# Deer Manor July 2012



## KingLewis92 (Jul 22, 2012)

Respect to SK For Taking Me Along On This Explore, The Place Is Amazing...
No Location Or History On This One, Just Picture; Enjoy







































































































































































​


----------



## steve2109 (Jul 22, 2012)

Stunning pictures mate, absolutely stunning. Loved the spireled chimneys, thanks for sharing


----------



## UE-OMJ (Jul 22, 2012)

Yeh the brickwork on those chimneys is pretty amazing. Nice one.


----------



## kevsy21 (Jul 22, 2012)

Good shots,looks wel worth seeing this place.


----------



## TeeJF (Jul 22, 2012)

Wow, that is a serious scaffolding cover!!!


----------



## perjury saint (Jul 22, 2012)

*Wow! what a place!

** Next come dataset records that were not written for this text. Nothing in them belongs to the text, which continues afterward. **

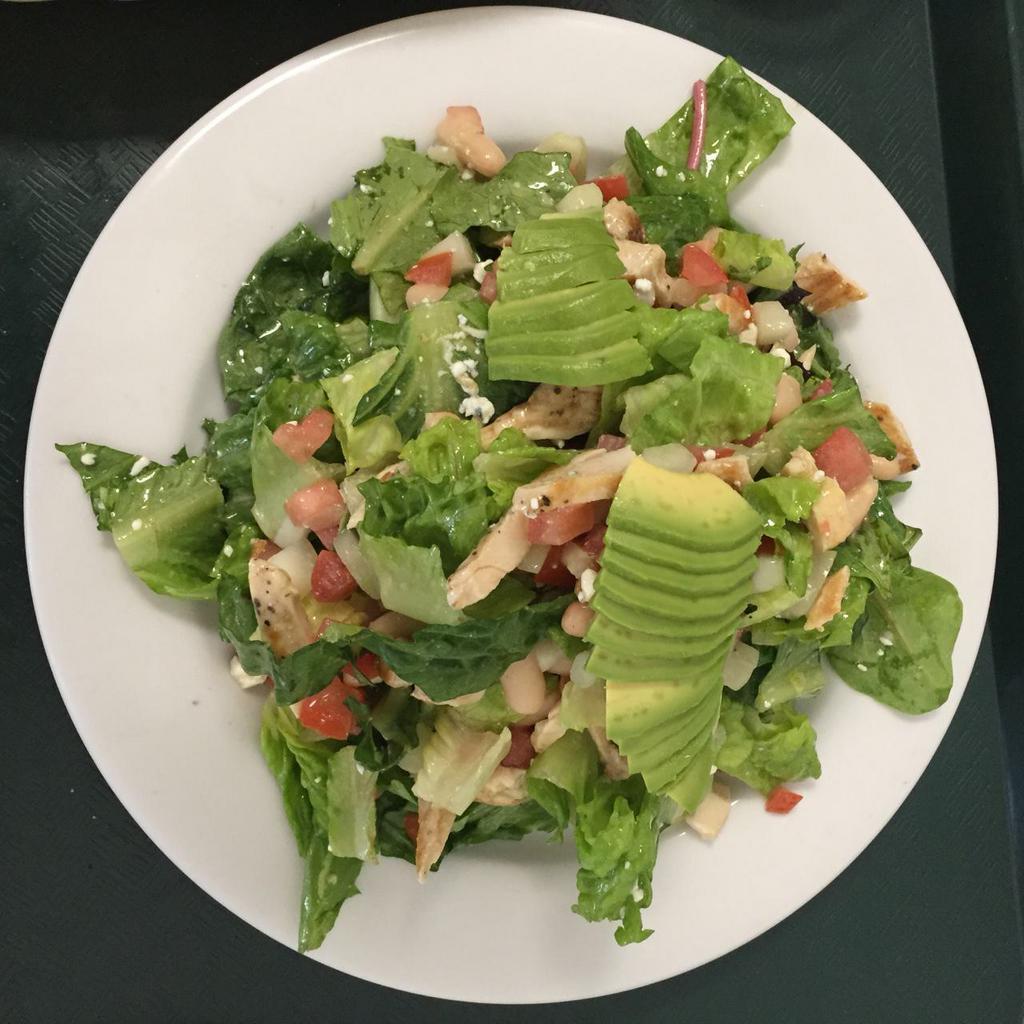 House Salad · Mixed greens, cannellini beans, tomato, cucumber, garnished with avocado and our house made Gorgonzola dressing...a truly delicious salad.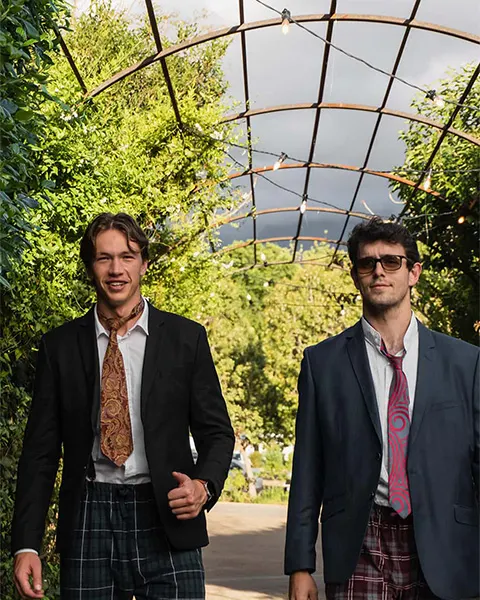 Two men walking to the entrance of Diverso's 20th birthday function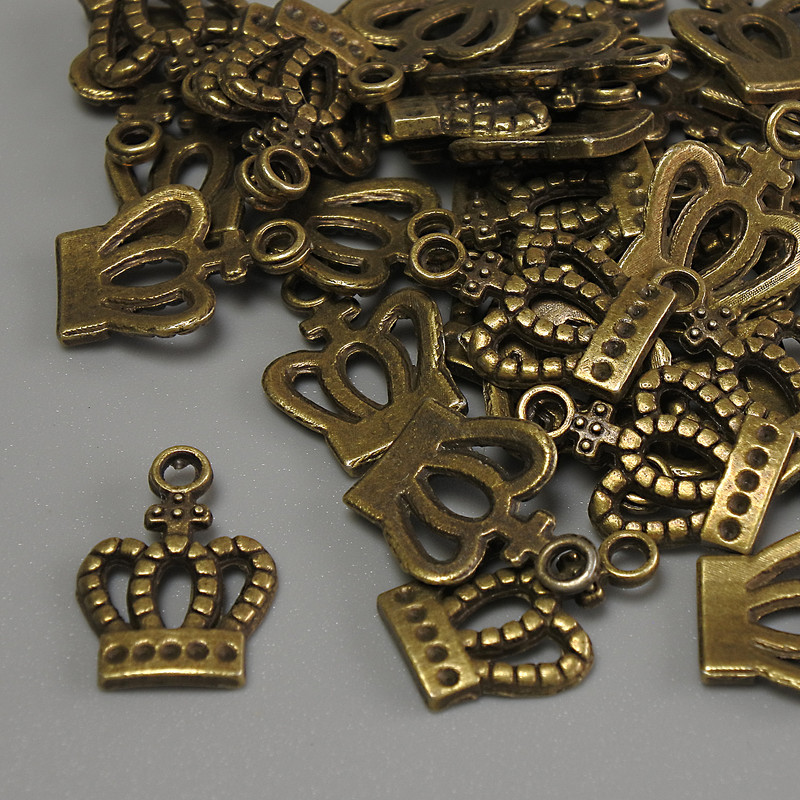 Pendant Crown Bronze Tone, brass bronze color, dimensions 15x10x1 mm±, hole diameter 2 mm±, packaging 20 g (~36 pcs)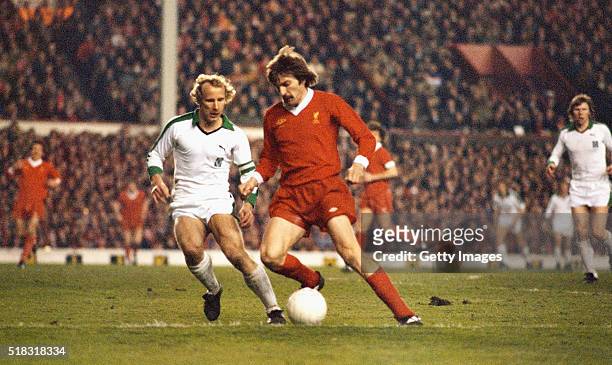 Borussia Mönchengladbach full back Berti Vogts challenges Liverpool winger Steve Heighway during the European Cup Semi Final 2nd leg match at Anfield...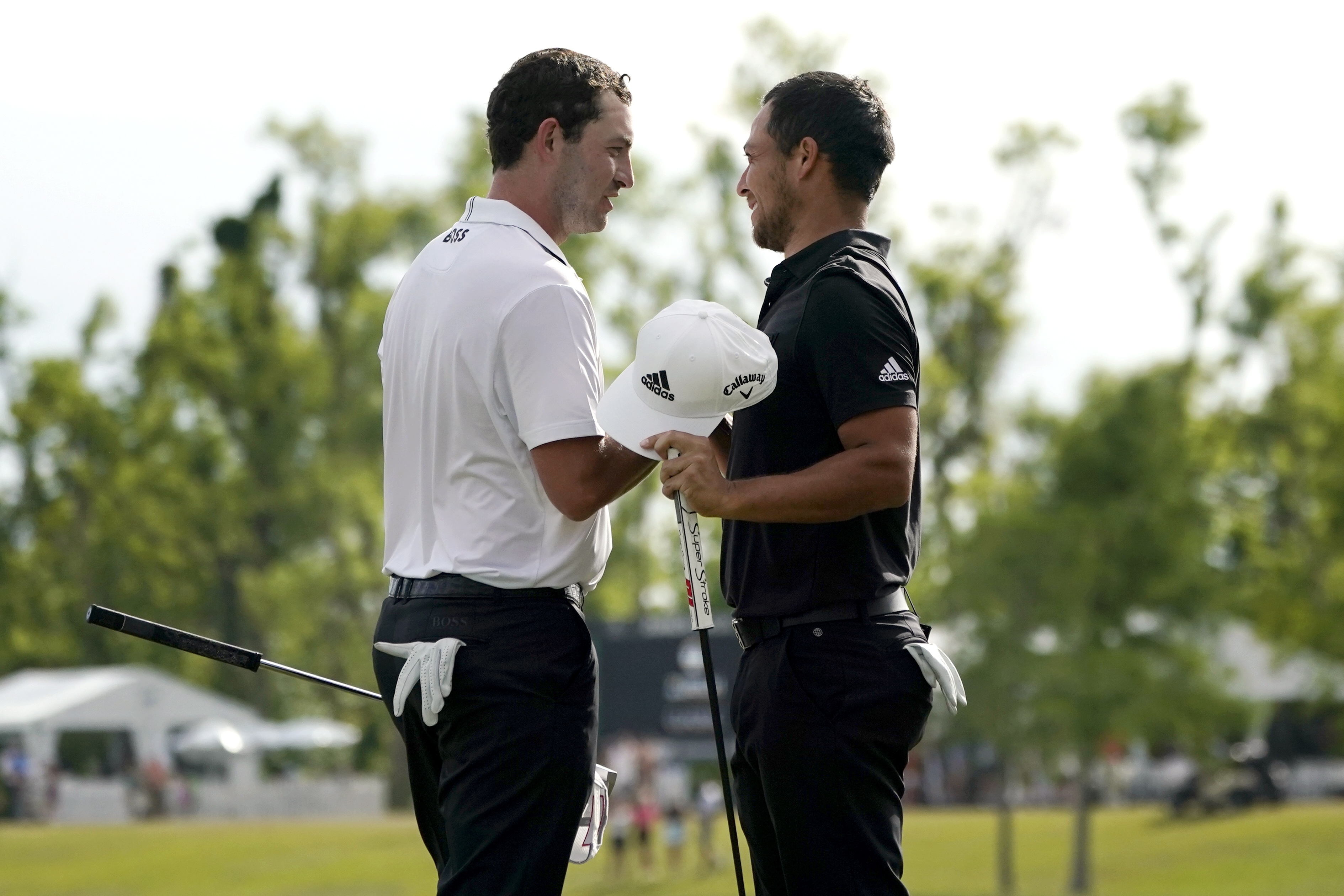 Patrick Cantlay and his teammate Xander Schauffele, right, congratulate each other after their win in the PGA Zurich Classic golf tournament at TPC Louisiana in Avondale, La., Sunday, April 24, 2022. 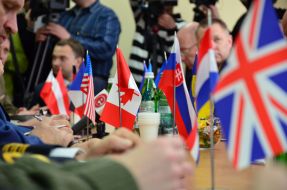 Participants in the ceremony of signing a tripartite agreement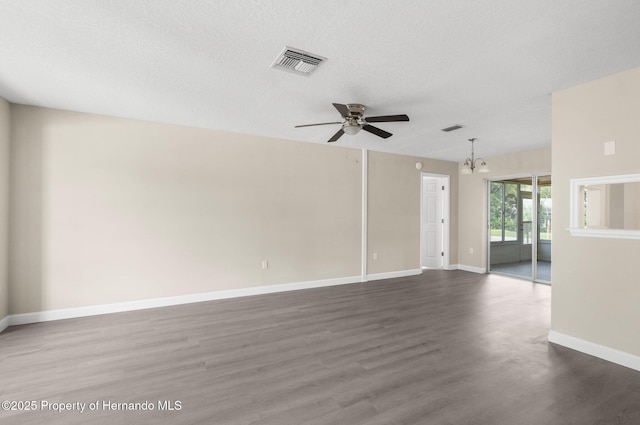 spare room featuring ceiling fan, wood finished floors, a chandelier, baseboards, and a textured ceiling
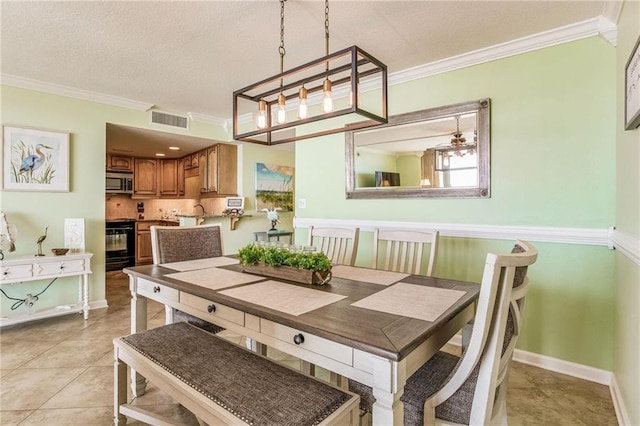 dining space with light tile patterned flooring, a textured ceiling, and ornamental molding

Nice to see that someones looking after the place, that scaffolding must have cost a fair bit!!*


----------



## oldscrote (Jul 22, 2012)

That's a serious restoration job taking place,love them Tudor chimneys,thanks for sharing


----------



## UrbanX (Jul 22, 2012)

Lovely photos, what a grand old place! 
That looks so odd up on the roof, but under a roof! 
Cheers for sharing!


----------



## KingLewis92 (Jul 22, 2012)

UrbanX said:


> Lovely photos, what a grand old place!
> That looks so odd up on the roof, but under a roof!
> Cheers for sharing!



It was amazing to be able to see it all like that
Its the first time i've ever sat on top of a chimney anyways


----------



## flyboys90 (Jul 22, 2012)

Beautiful building with some cracking fireplaces,stunning photos thanks.


----------



## bigtip (Jul 22, 2012)

*Nice*

Some great pictures there mate looks like really nice building thanks for sharing.


----------



## Bones out (Jul 22, 2012)

That scaffolding is some piece of work on its own!

Nicely done fellas, very nicely done........


----------



## prettyvacant71 (Jul 23, 2012)

looks an interesting visit...unusual ceiling lampshade, very skilled brickies on the job...makes a bloody change


----------



## alex76 (Jul 23, 2012)

nice shots bud looks a good explore this one


----------